*** Block opens ***

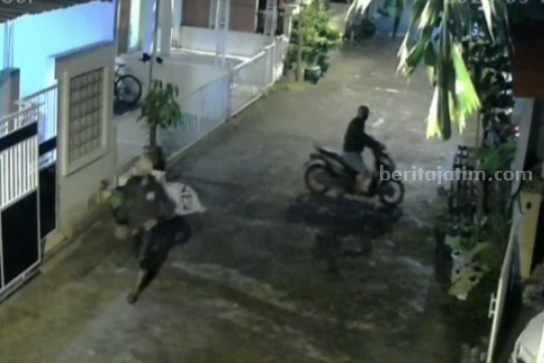 Dua pelaku curanmor menjalankan aksinya di kawasan perumahan terekam kamera CCTV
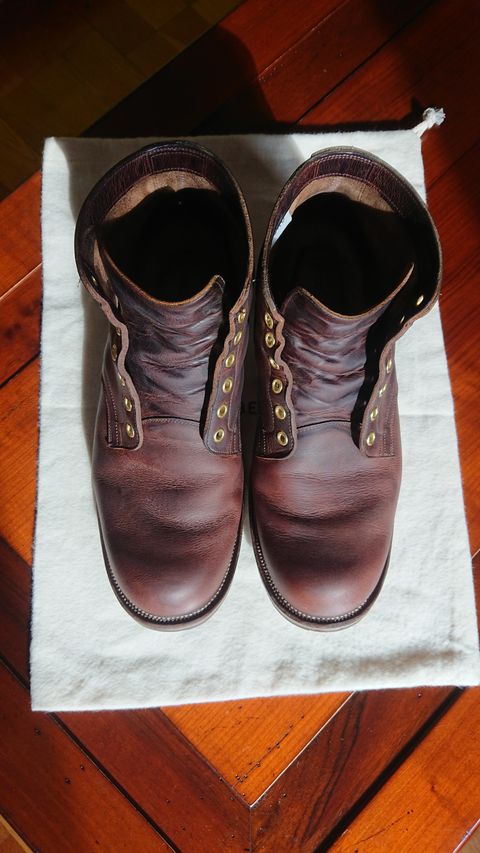 Photo by sowakichi on March 4, 2023 of the Viberg Service Boot in Horween Rowdy Dachshund.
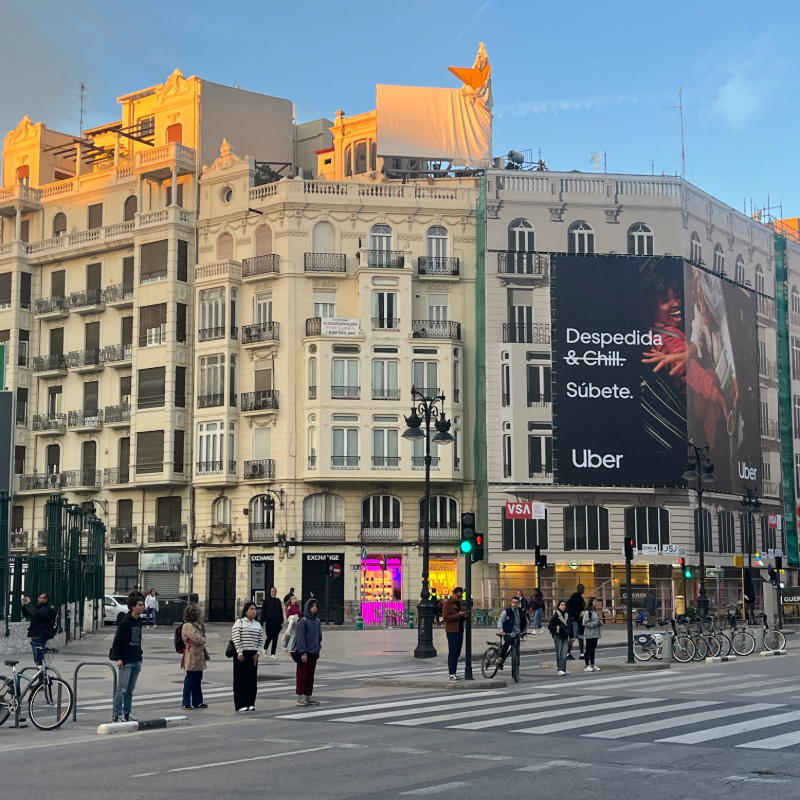 Limpieza y tratamiento de suelo hidraulico en Valencia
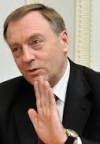 Лавринович вважає звинувачення генпрокуратури щодо нього безпідставними, але ховатись від  слідства не збирається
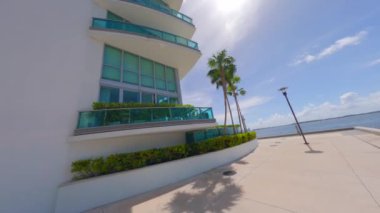 Miami, FL, ABD - 6 Ağustos 2024: Brickell 2024 'teki sinematik hisse senedi konutları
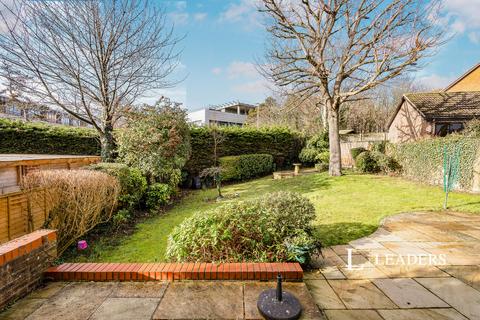 undefined, Arran Close, Portsmouth, PO6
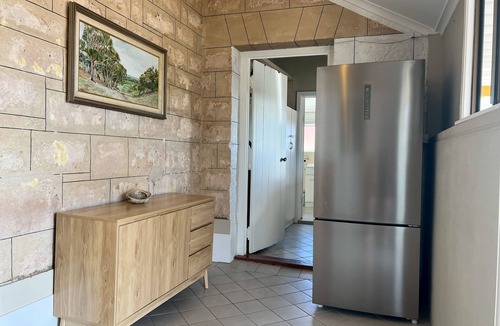 Ripon House | Absolute Waterfront 2 bedroom Holiday Home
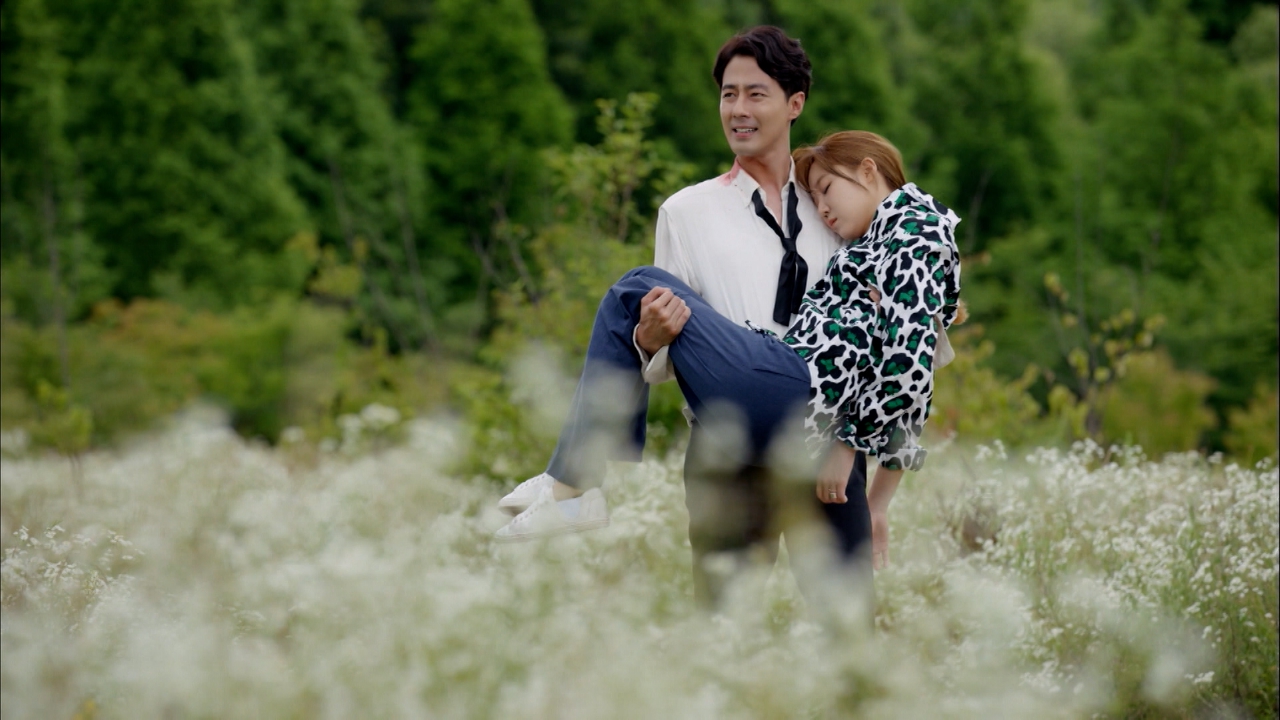 特集3本(1)実写化第2弾「時計館の殺人」(2)Huluオリジナル「手越祐也のワンダフルライフ」(3)「神の雫/Drops of God」▼「大丈夫、愛だ」第1話後半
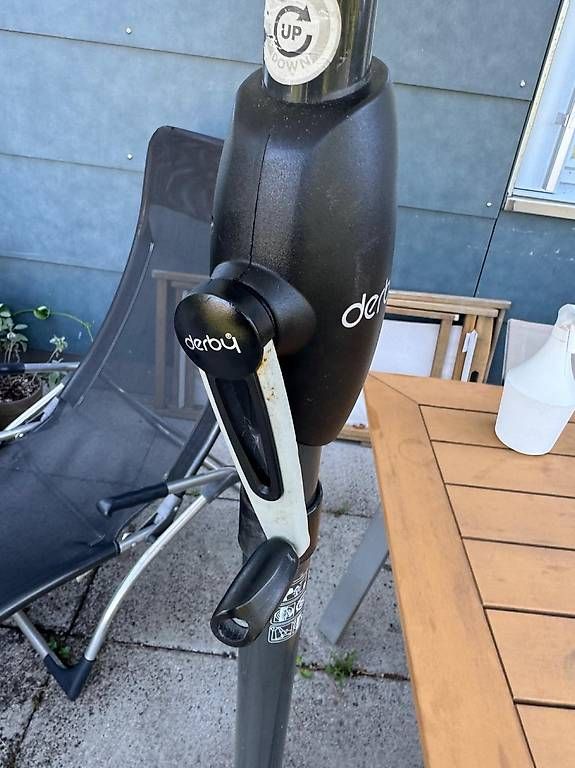 Sonnenschirme: Kurbel Sonnemschirm, beige, 2m Durchmesser – Gebraucht aus Zürich von Csonne 3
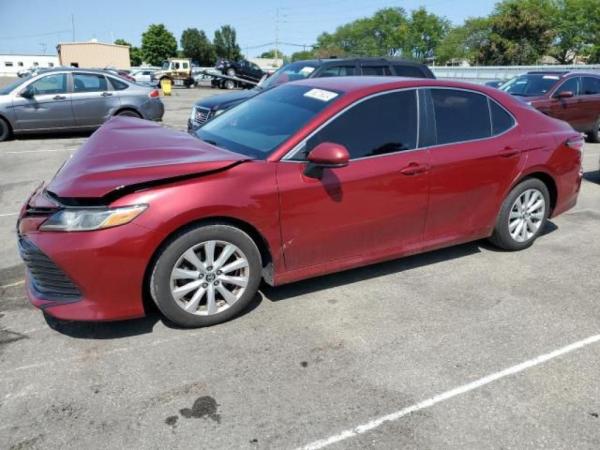 *كامري 2018 LE حادث امامي ع جنب ايرباجات وكآله عدا استيرنج و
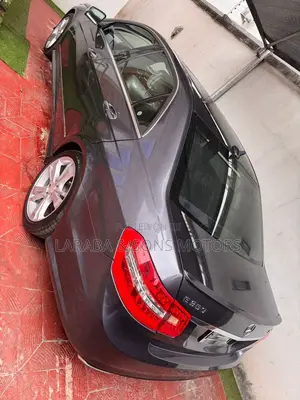 Mercedes-Benz E350 Base 4dr 4Matic Sedan AWD (3.5L 6cyl 7A) 2012 Gray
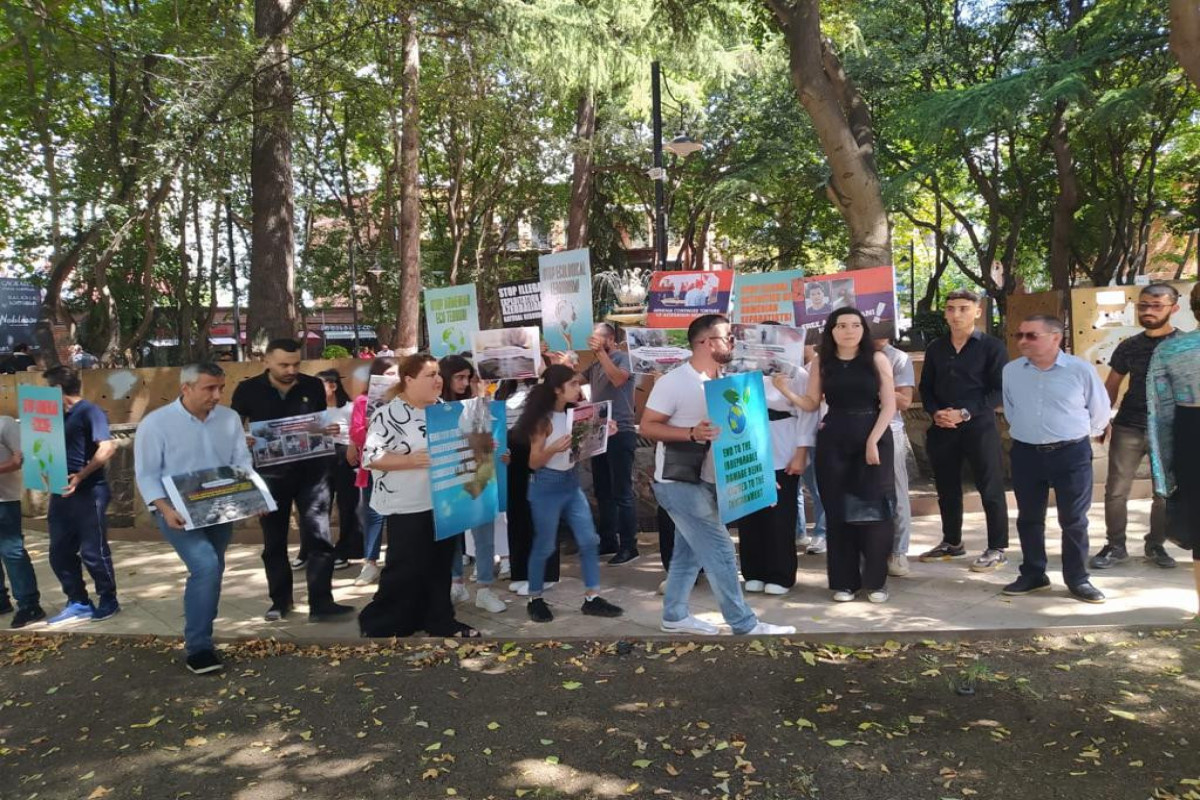 Les azéris manifestent contre l’Arménie devant le bureau de l’ONU à Tbilissi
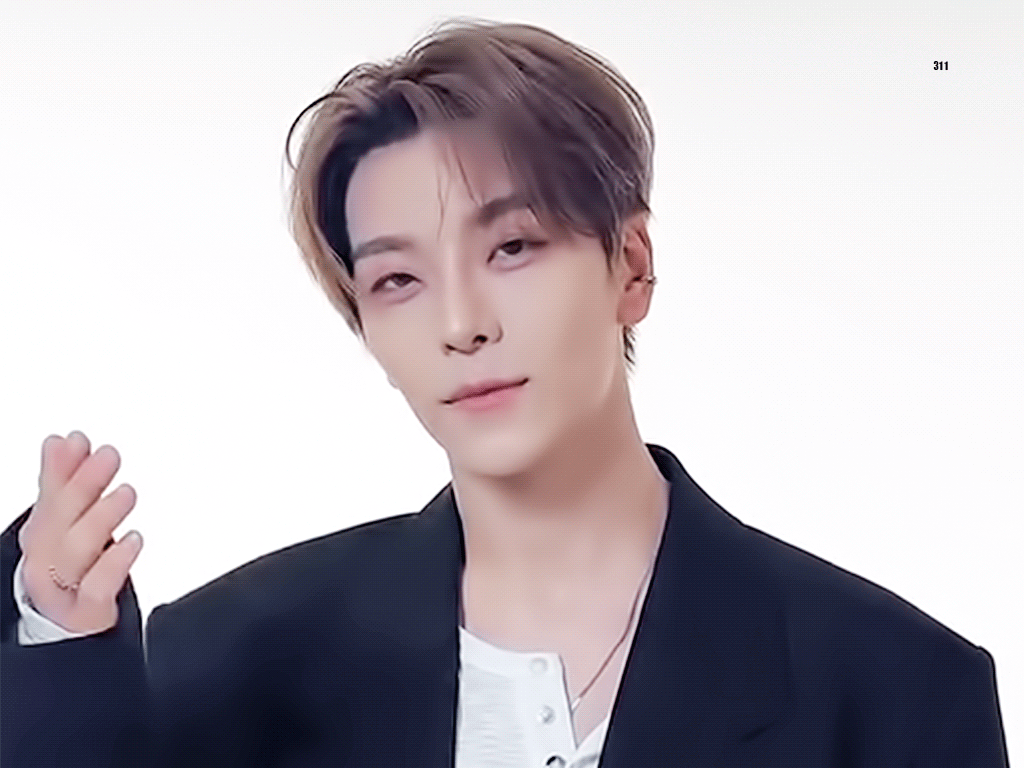 A moment captured by He Xinlong (ALPHA DRIVE ONE)'s fan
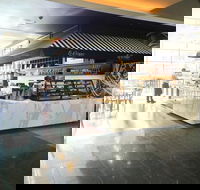 Le Cirque Fine Foods - Docklands - South Australia Travel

*** Block closes ***

Task statement: Your answer must be an exact copy of every entry, with no pictures in it.

Result:
 Dua pelaku curanmor menjalankan aksinya di kawasan perumahan terekam kamera CCTV
 Photo by sowakichi on March 4, 2023 of the Viberg Service Boot in Horween Rowdy Dachshund.
 Limpieza y tratamiento de suelo hidraulico en Valencia
 Лавринович вважає звинувачення генпрокуратури щодо нього безпідставними, але ховатись від  слідства не збирається
 Miami, FL, ABD - 6 Ağustos 2024: Brickell 2024 'teki sinematik hisse senedi konutları
 undefined, Arran Close, Portsmouth, PO6
 Ripon House | Absolute Waterfront 2 bedroom Holiday Home
 特集3本(1)実写化第2弾「時計館の殺人」(2)Huluオリジナル「手越祐也のワンダフルライフ」(3)「神の雫/Drops of God」▼「大丈夫、愛だ」第1話後半
 Sonnenschirme: Kurbel Sonnemschirm, beige, 2m Durchmesser – Gebraucht aus Zürich von Csonne 3
 *كامري 2018 LE حادث امامي ع جنب ايرباجات وكآله عدا استيرنج و
 Mercedes-Benz E350 Base 4dr 4Matic Sedan AWD (3.5L 6cyl 7A) 2012 Gray
 Les azéris manifestent contre l’Arménie devant le bureau de l’ONU à Tbilissi
 A moment captured by He Xinlong (ALPHA DRIVE ONE)'s fan
 Le Cirque Fine Foods - Docklands - South Australia Travel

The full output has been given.